In achieving such a program, the source says, Mr. Stockman will be a "key player," as director of the Office of Management and Budget -- the agency that whips a president's budget into shape.
Stockman will try to trim two percent from the fiscal 1981 budget prepared for Congress by President Carter -- trims, presumably, that will come from nondefense programs, since Reagan defense outlays are scheduled to grow.
Some key economic advisers to the President-elect expressed surprise at the naming of Mr. Regan, chairman of the investment firm of Merrill Lynch & Co., as Treasury secretary, claiming they had not known of the choice until hours before his name leaked to the press.
Regan, a source explains, is largely an unknown quantity in terms of outlook and policy to people who have shaped Reagan's tax-cut and other economic policies in recent months.
Two of the President-elect's earlier choices for the Treasury post, former Treasury Secretary William E. Simon and New York banker Walter Wriston, withdrew their names.

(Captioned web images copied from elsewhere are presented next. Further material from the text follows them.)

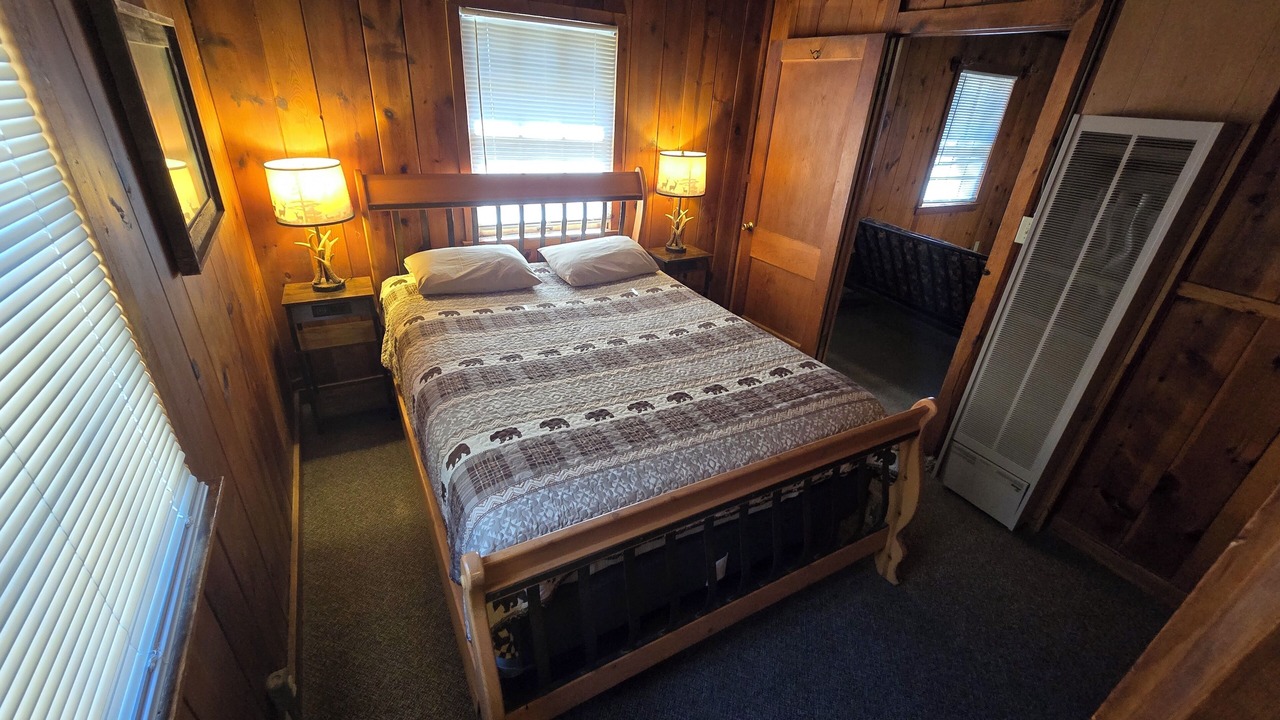 Photo of Bedroom in Mayhill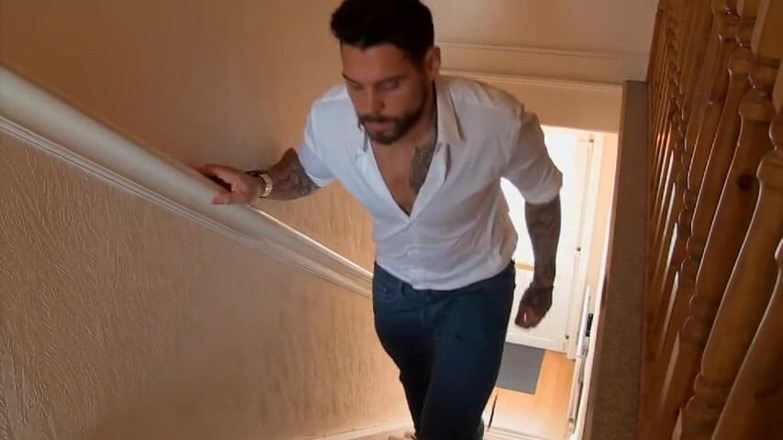 UK Babes: Vixen séduisante vide une bite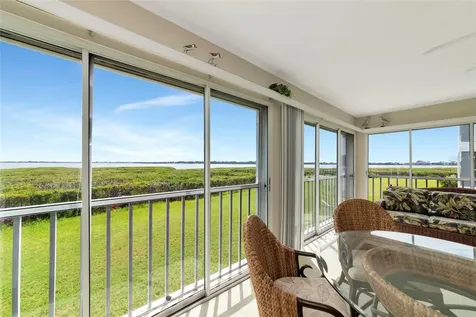 1145 Edgewater Circle Bradenton FL 34209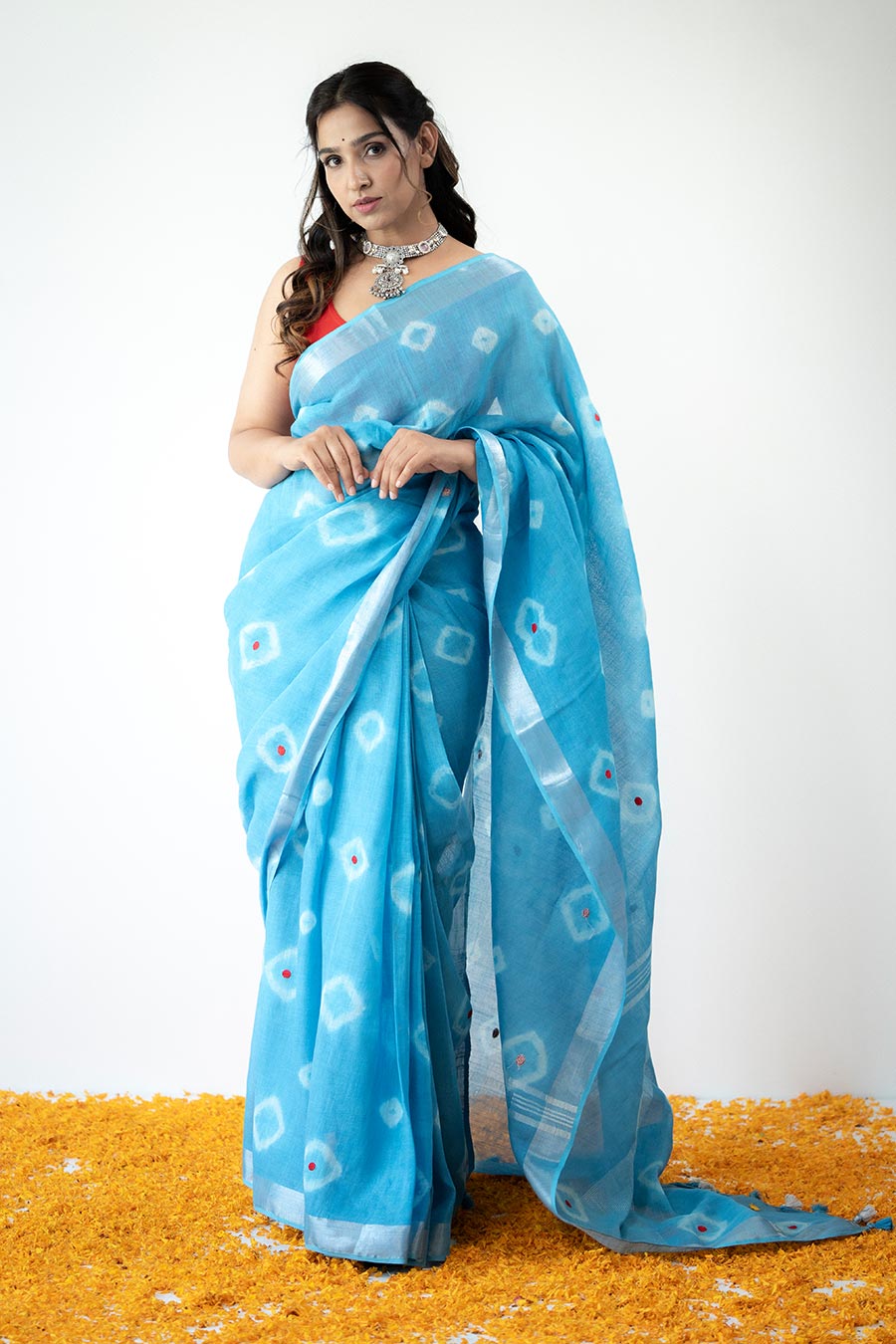 Ambarika Blue Linen Saree With Unstitched Blouse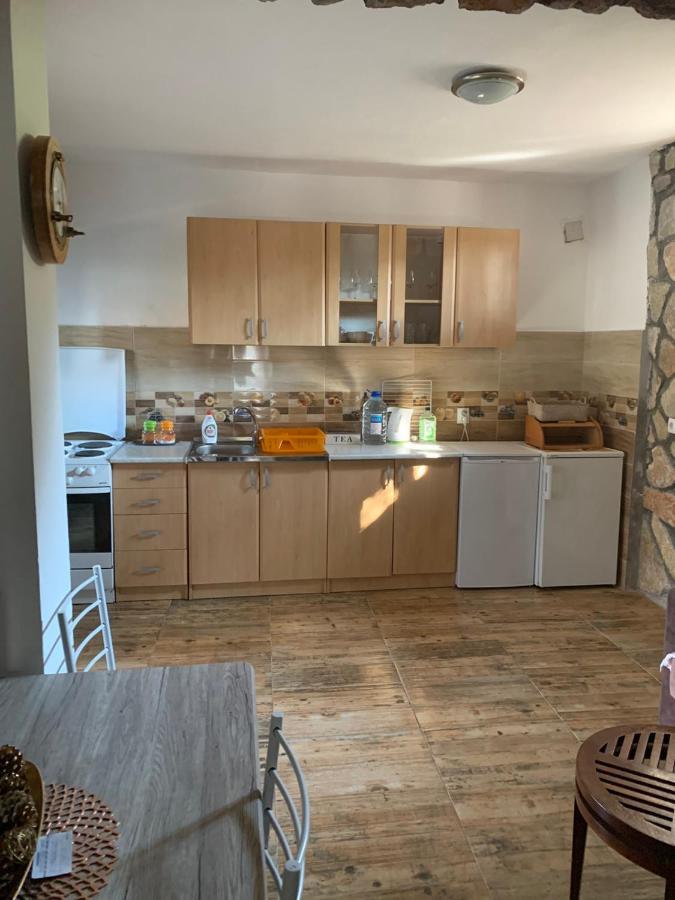 Apartments Vuk Luštica Luaran gambar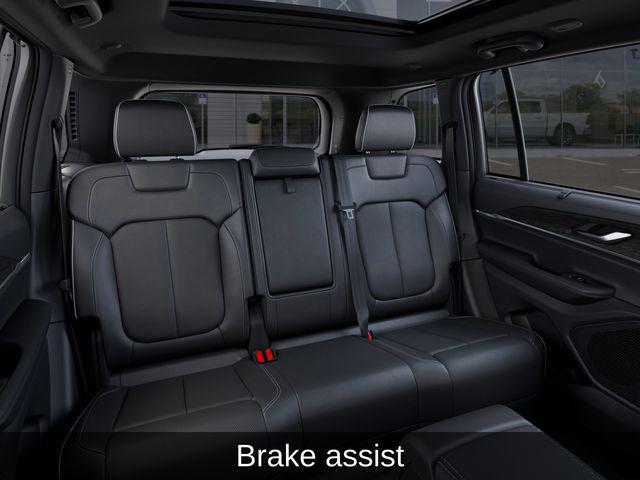 new 2025 Jeep Grand Cherokee car, priced at $36,784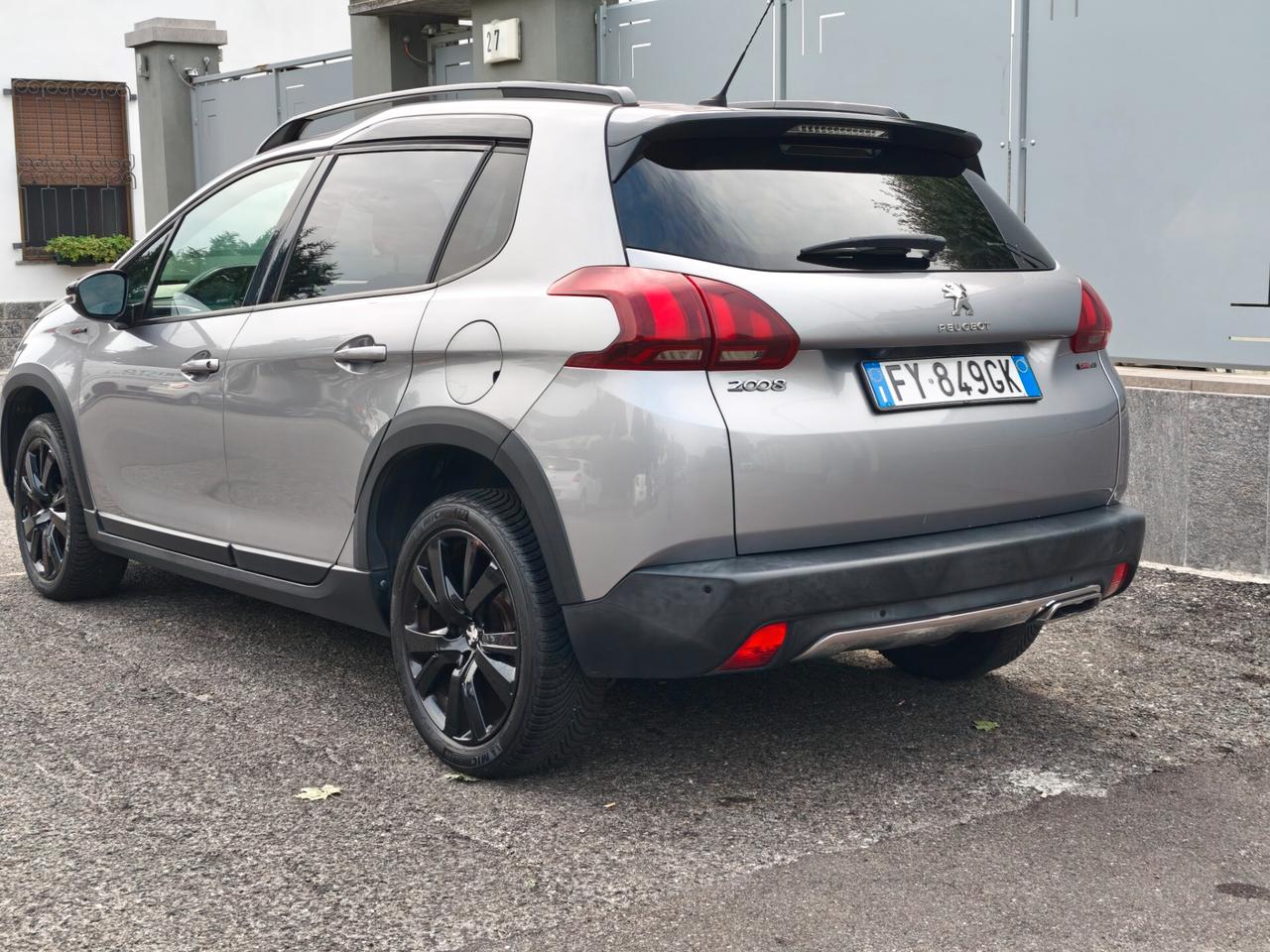 Peugeot 2008 1.2 PureTech 130cv GT Line - DISTRIBUZIONE NUOVA -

Key to the success or failure of Reagan's economic policies, and perhaps of his presidency as a whole, says an adviser, will be the degree to which he can generate public confidence in the fight against inflation.
"A tax cut," this source says, "is effective only if it increases work, savings, and investment. We must make it attractive for people to save and invest."
At the heart of the Reagan tax program is a planned 10 percent across-the-board personal income tax cut in 1981, followed by similar trims in the two succeeding years.
This so-called Kemp-Roth proposal, named after its congressional sponsors, has been criticized by many economists as inflationary. Not so, says a senior Reagan adviser, if one looks at the tax package as a whole.
"Reductions at the top of the income tax scale," he adds, "will be saved, not spent." Well-to-do Americans will tend to save their extra money, rather than spend it, he explains.
"Tax savings given to people at the lower end of the scale," he says, "will be spent." To this extent, Kemp-Roth would be inflationary.
This inflationary aspect of Kemp-Roth is counterbalanced by savings generated by cuts at the upper end of the scale, and -- even more important --granted to business.
Taking the package as a whole, the Reagan tax program will be weighted toward the savings and investment side.
Accompanying the tax cuts, says an adviser, must be "spending discipline," expressed in budget cuts that will reduce the rate of growth of federal outlays.
Some experts doubt that Stockman and his OMB colleagues will be able to carve enough from federal budgets to offset the effect of tax cuts without hurting Americans at the bottom of the economic ladder.